Pan: we sometimes buy Chinese candied fruit, but not that often. My husband and daughter really shouldn't be eating it because it's so full of sugar. . . and you can't eat just one! I've never seen candied apples or candied haw, although some shops here carry the rolls of haw flakes, which I love. I should take you guys to a crack seed store!

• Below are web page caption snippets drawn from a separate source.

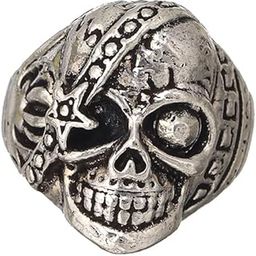 Bold by Happy Skull Silver-Plated Ring for Men-image-13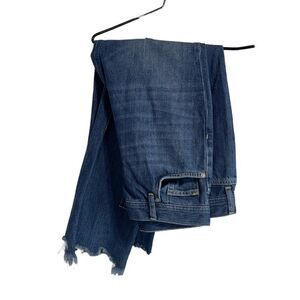 Free People Mid Rise Distressed Jeans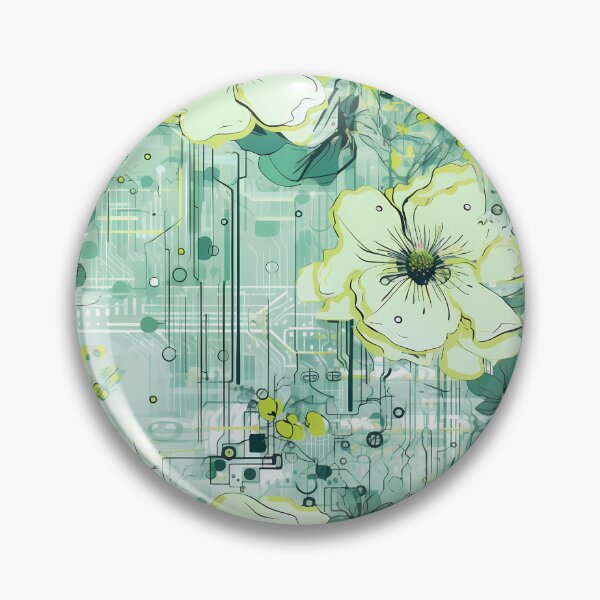 Item preview, Cyberpunk Flowers and Circuitry Pattern designed and sold by SchorlCraft.
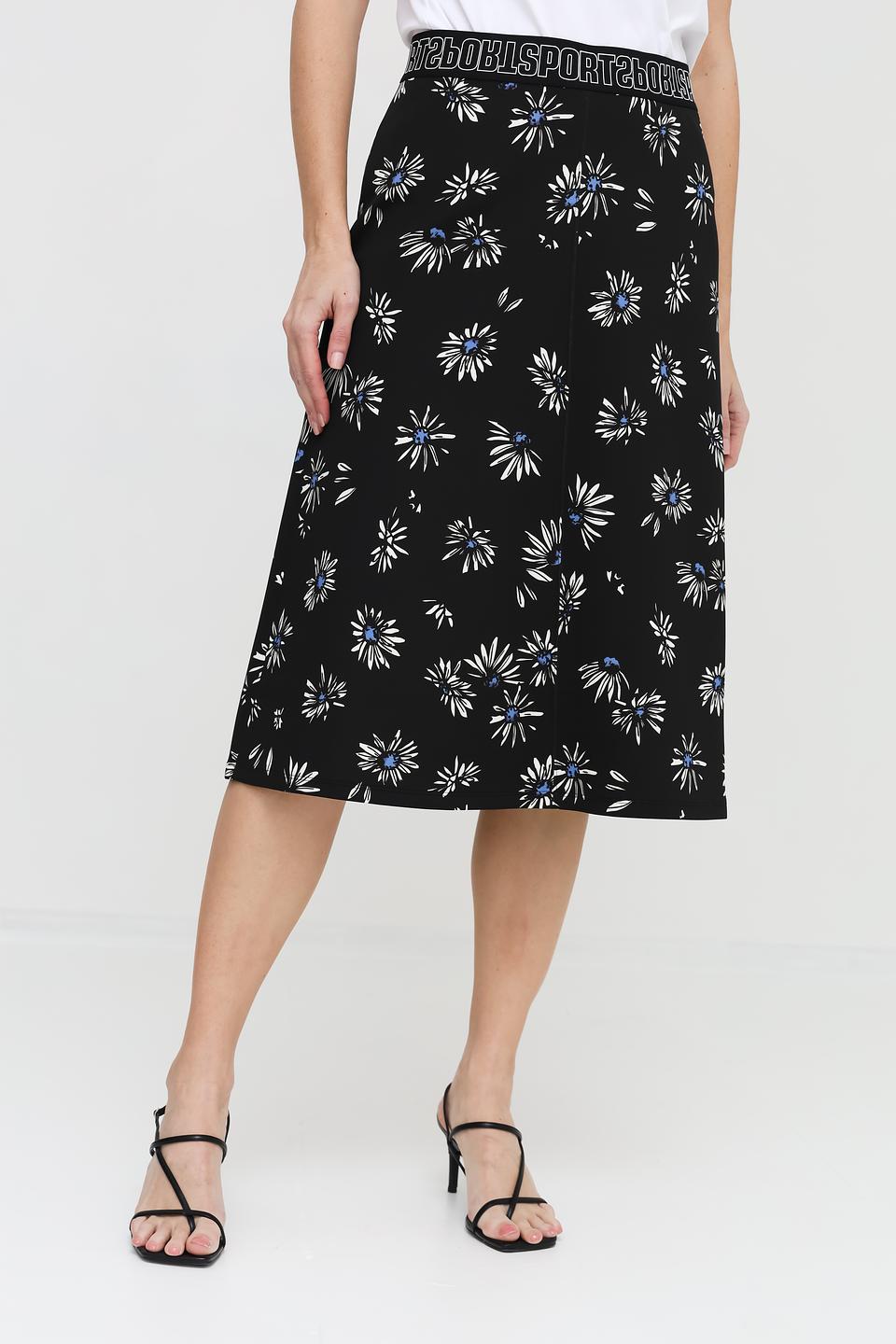 Юбка Marc Cain Sports с цветочным принтом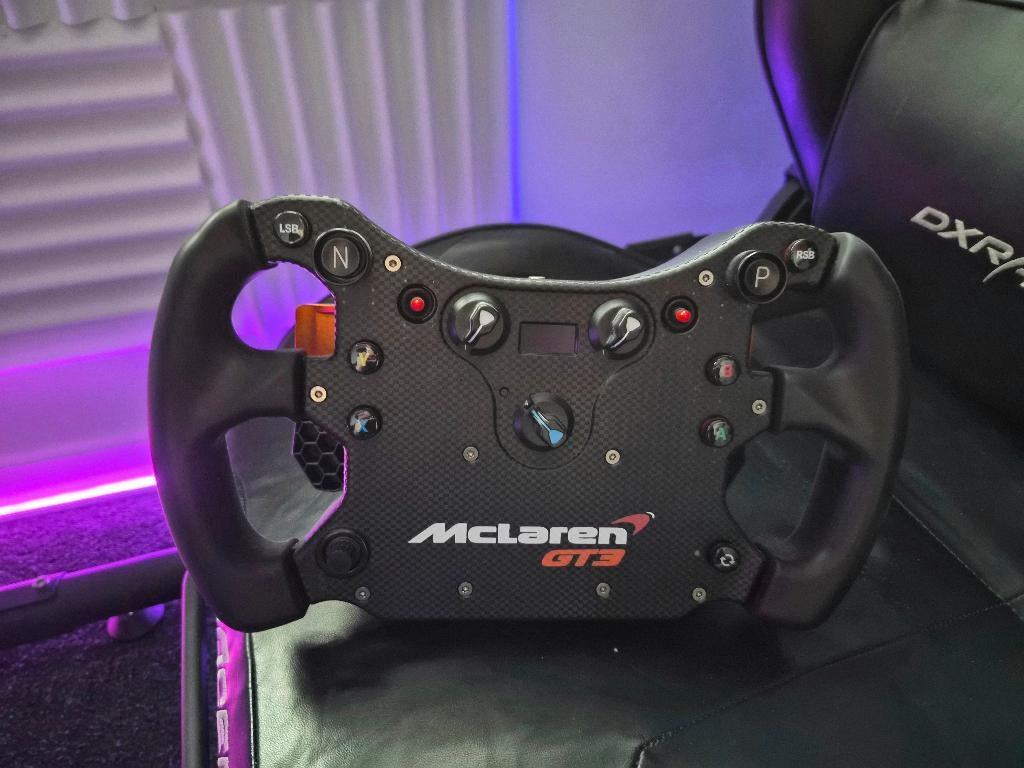 Volant et pédalier Fanatec CSL DD 5nm McLaren GT3, Informatique & Logiciels, Joysticks, Comme neuf, Enlèvement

Mochihead: yes, that bakery is the only place to go! -- except at the Moon Festival, when a couple of restaurants (Legend and Hee Hing, to name two) sell mooncakes.

I'm not sure which char siu and roast duck place you're talking about -- we usually get ours at Duck Lee at Market City in Kapahulu. Closer to home, there's also a good place, whose name escapes me, in the food court of the Pearl Highlands shopping center, by Sam's Club. The latter also sells whole roast pigs, in case you're interested!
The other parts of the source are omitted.